The fresh $1-billion fund raise values the Bansals’ combined stake of approximately 15% at over Rs 6,000 crore. The four-member Murthy family has a net worth of around Rs 8,700 crore in India’s second largest IT services company, while the Nilekani family’s net worth stands at Rs 6,500 crore.
Consumer internet ventures have been getting fabulous valuations. The US and Chinese internet markets have fostered many billionaire entrepreneurs as their ventures went public. Facebook’s Mark Zuckerberg has a net worth of $33 billion, while Alibaba’s founder Jack Ma has a $12.5 billion net worth, up $8.9 billion year-to-date, according to the Bloomberg Billionaires Index.
The Bansals, who are not related, have a higher net worth than Infosys’ co-founder and outgoing CEO S D Shibulal, who along with his family holds shares worth Rs 4,300 crore in the company.

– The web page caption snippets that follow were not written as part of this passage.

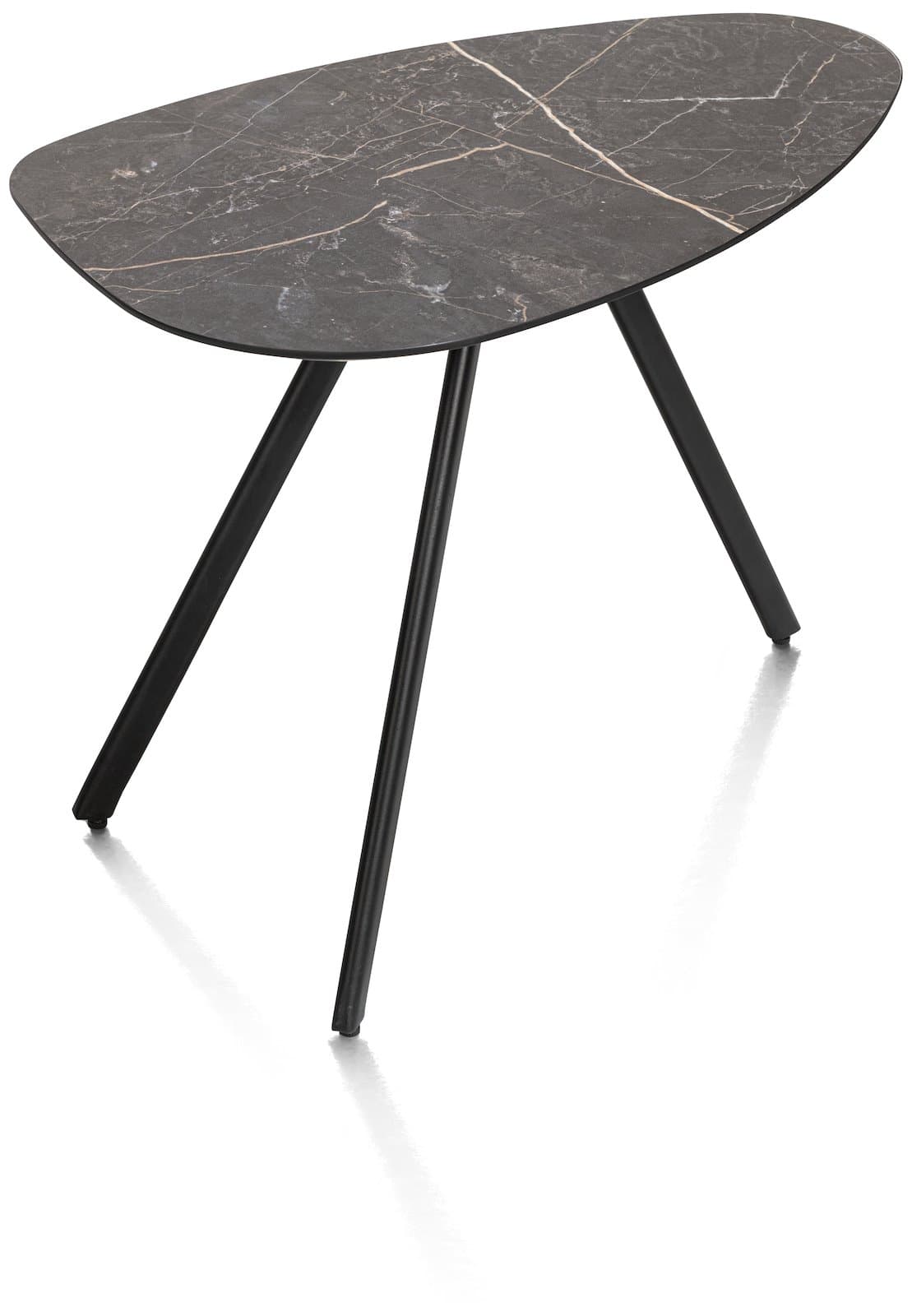 Salon tafel 60x40x46cm Minato Onyx - 2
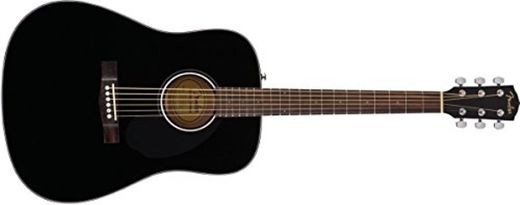 Fender CD-60S Black Guitarra Acústica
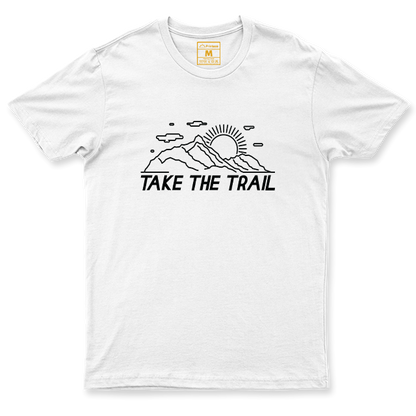 Drifit Shirt: Take The Trail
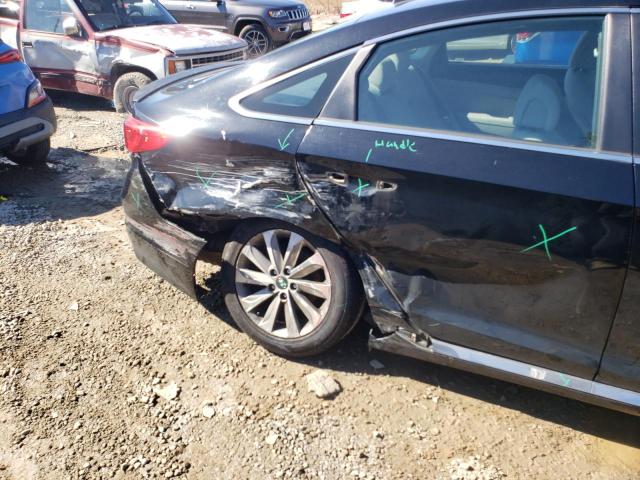 Photo 8 VIN: 5NPE34AF1FH076958 - HYUNDAI SONATA SPO 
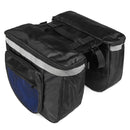 BIKIGHT 20L Bicycle Rear Rack Seat Saddle Bag Cycling Bike Pannier Tail Storage Pouch Bike Bag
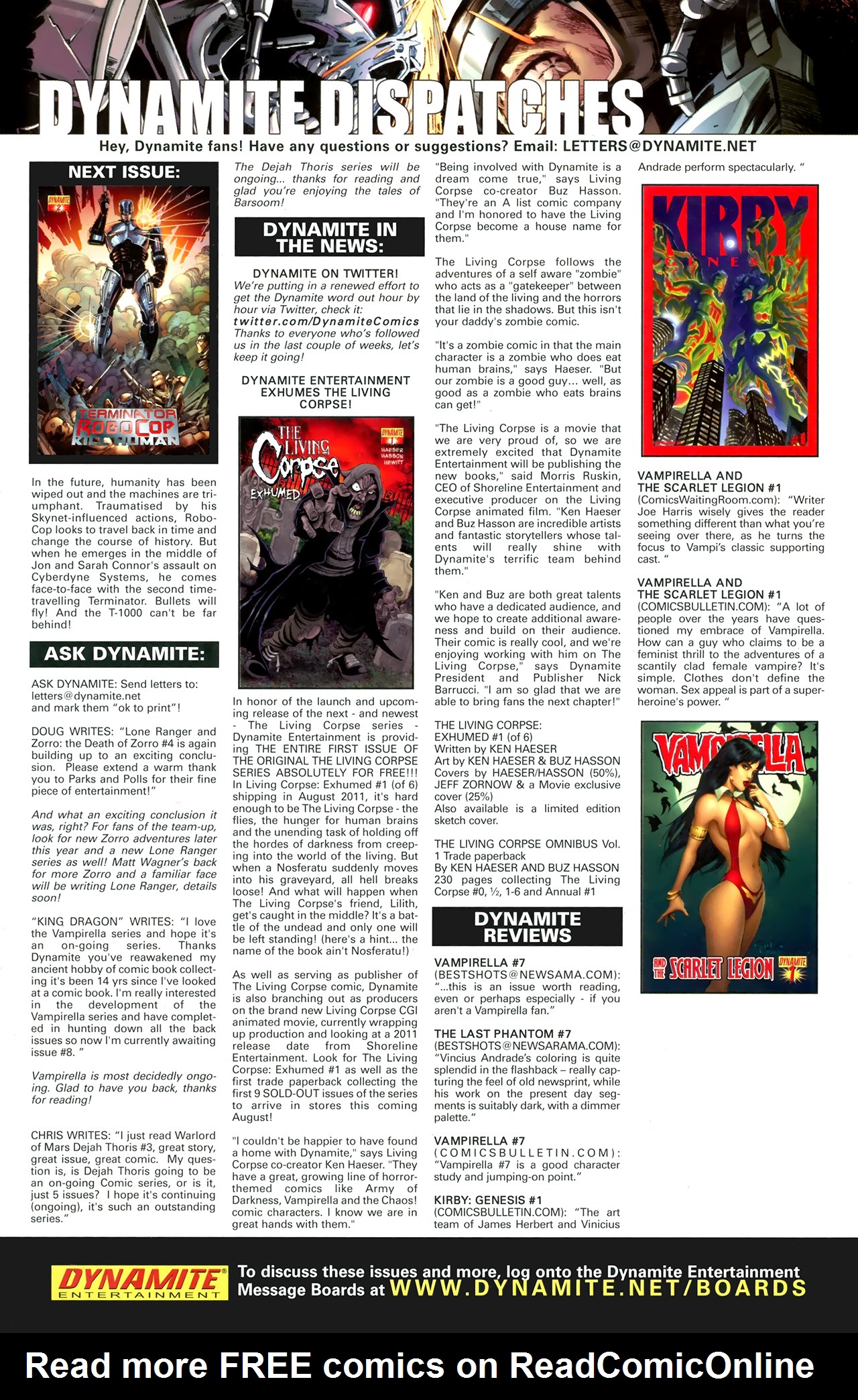 Terminator/Robocop: Kill Human Issue #1 - Page 27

Infosys’ other co-founder Kris Gopalakrishnan’s family has a net worth of around Rs 6,500 crore, as of Tuesday.
“On paper the Bansals personal wealth is a great story, but we will have to wait for a listing to see their actual net worth,” said an investment banker who did not want to be named.
Infosys is now into its fourth decade and has a market cap of about $30 billion. Flipkart’s $7 billion valuation story has been scripted in just seven years, and the Bansals are now talking of creating a $100-billion e-commerce company.
From 2011 to 2014, Flipkart grew its sales from $10 million to an annualized $2 billion, an over 100 times growth in three years. There is a huge revolution in e-commerce in India, with the future of retailing coming from the internet, said the Bansals while announcing their latest fund raise. The Bansals believe that in the next 10 years, India would have several $100 billion companies in the internet space. “Flipkart is much bigger today than we or our investors had ever imagined,” Sachin Bansal said.